Package URLs do not accept HTTP HEAD requests due to S3 permissions

HEAD requests directly to package URLs return with a HTTP 403 (forbidden) response. This issue prevents anyone from being able to proxy the conda-forge channel through an Artifactory remote repository (similar to this Artifactory issue), which can be very useful in trying to promote adoption of these tools in a large enterprise.
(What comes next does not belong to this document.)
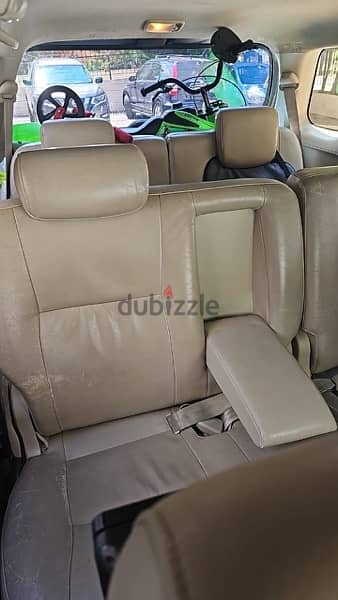 Toyota Fortuner 2008 6 cylinder 9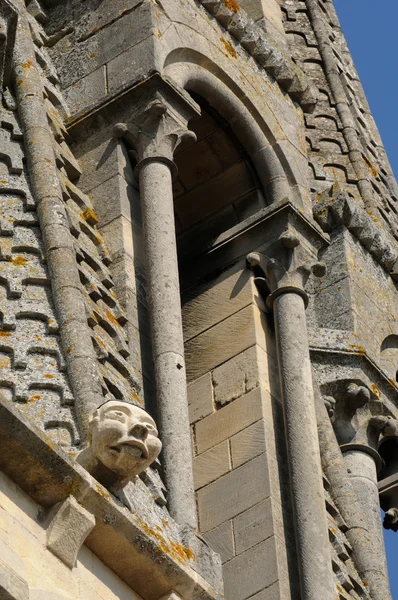 Yvelines, klocktornet av vernouillet kyrka — Stockfoto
Here’s an example response to the curl command similar to the one Artifactory uses with remote repositories:

curl -IL "https://conda.anaconda.org/conda-forge/linux-64/addict-1.0.0-py27_0.tar.bz2"
...

HTTP/1.1 403 Forbidden
x-amz-request-id: 49E707D600FB81F4
x-amz-id-2: M42ecmMl6QFVbE6I5UOdMrYr4vmuW9Bke+eWGX3ynK6VZjZto54YgibtpmO33xAfOK3i8HUuuD8=
Content-Type: application/xml
Transfer-Encoding: chunked
Date: Tue, 13 Jun 2017 03:13:26 GMT
Server: AmazonS3

According to the S3 docs on this,

if you don’t have the s3:ListBucket permission, Amazon S3 will return a HTTP status code 403 (“access denied”) error.

Would it be possible to have these permissions added in S3 to allow HEAD requests to go through?